One most important mechanism for Transmission Control Protocol (Transmission Control Protocol, TCP) reliability is retransmission. Retransmission in the TCP protocol is classified into timeout-based retransmission and fast retransmission.
When the timeout-based retransmission is used, a transmit end starts one timer when sending each packet segment and waits for acknowledgment information; after successfully receiving new data, a receive end returns the acknowledgment information. If data cannot be acknowledged before the timer expires, according to the TCP protocol, it is considered that data in the packet segment is lost or damaged, and the data in the packet segment needs to be reorganized and retransmitted, where the retransmitted packet is a retransmission packet. When the data is retransmitted due to overtime, and a congestion window exceeds a slow start threshold, a congestion control mechanism needs to enter a congestion avoidance state starting from slow start. The slow start needs to detect an actual network capacity to avoid congestion due to sending of excessive amount of data, and therefore retransmission efficiency is very low.
When the fast retransmission is used, if discovering a packet loss, the receive end consecutively sends a duplicate acknowledgment (duplicate Acknowledge, DUPACK) to the transmit end, where the DUPACK indicates a lost data packet. If receiving at least three DUPACKs, the transmit end may realize that a packet loss occurs on data, which needs to be retransmitted. In this case, there is no need to wait for the timer to expire. The fast retransmission may avoid a case in which the transmit end is idle for a relatively long time because of waiting for timer expiration, so as to increase network throughput. After retransmission, the transmit end may skip slow start and directly enter the congestion avoidance state.

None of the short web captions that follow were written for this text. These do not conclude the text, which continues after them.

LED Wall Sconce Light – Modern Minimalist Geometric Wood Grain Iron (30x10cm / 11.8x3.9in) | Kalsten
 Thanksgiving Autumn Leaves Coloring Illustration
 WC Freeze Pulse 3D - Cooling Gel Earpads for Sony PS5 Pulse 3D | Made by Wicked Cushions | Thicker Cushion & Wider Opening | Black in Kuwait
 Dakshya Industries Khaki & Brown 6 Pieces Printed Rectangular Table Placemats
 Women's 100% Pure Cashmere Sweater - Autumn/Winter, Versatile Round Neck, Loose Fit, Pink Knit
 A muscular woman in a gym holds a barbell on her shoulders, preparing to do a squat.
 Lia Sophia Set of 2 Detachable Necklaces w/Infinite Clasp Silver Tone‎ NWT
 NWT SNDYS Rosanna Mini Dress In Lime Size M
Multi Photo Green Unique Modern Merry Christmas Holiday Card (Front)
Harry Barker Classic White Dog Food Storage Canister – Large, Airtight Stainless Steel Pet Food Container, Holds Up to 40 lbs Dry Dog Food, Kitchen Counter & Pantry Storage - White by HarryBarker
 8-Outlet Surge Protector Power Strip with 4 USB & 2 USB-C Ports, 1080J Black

In TCP communication, if a specific data packet is lost in a transmit sequence, the TCP retransmits a subsequent packet starting from a last acknowledged packet. In this case, a packet that has been properly transmitted previously may also be sent repeatedly, which sharply decreases TCP performance. In a TCP selective acknowledgment (Selective Acknowledge, SACK) mechanism, the receive end may send a SACK. The SACK may instruct the TCP to resend only a lost packet, instead of sending all subsequent packets. In addition, the SACK provides a corresponding mechanism that enables a receiver to tell a sender which data is lost, which data is resent, and which data has been received in advance, and the like.
In the prior art, to improve a concurrent capability of a TCP packet, a window for the TCP to receive and send a packet is relatively large, and therefore, there are relatively many TCP packets that are sent in transit. A packet that needs to be sent by the transmit end to the receive end is referred to as a common packet. Under a condition in the prior art, a retransmission packet and a common packet are transmitted on a TCP data connection path. A transmission process is strictly kept in order. The retransmission packet cannot overtake a common packet transmitted in front, which causes an increase in a quantity of out-of-order reassembly packets at the receive end, thereby leading to excessive out-of-order reassembly buffers. As a result, the buffers are overflown, out-of-order reassembly pressure of the receive end increases, and even a new packet loss may occur, which results in sharp degradation in TCP transmission performance.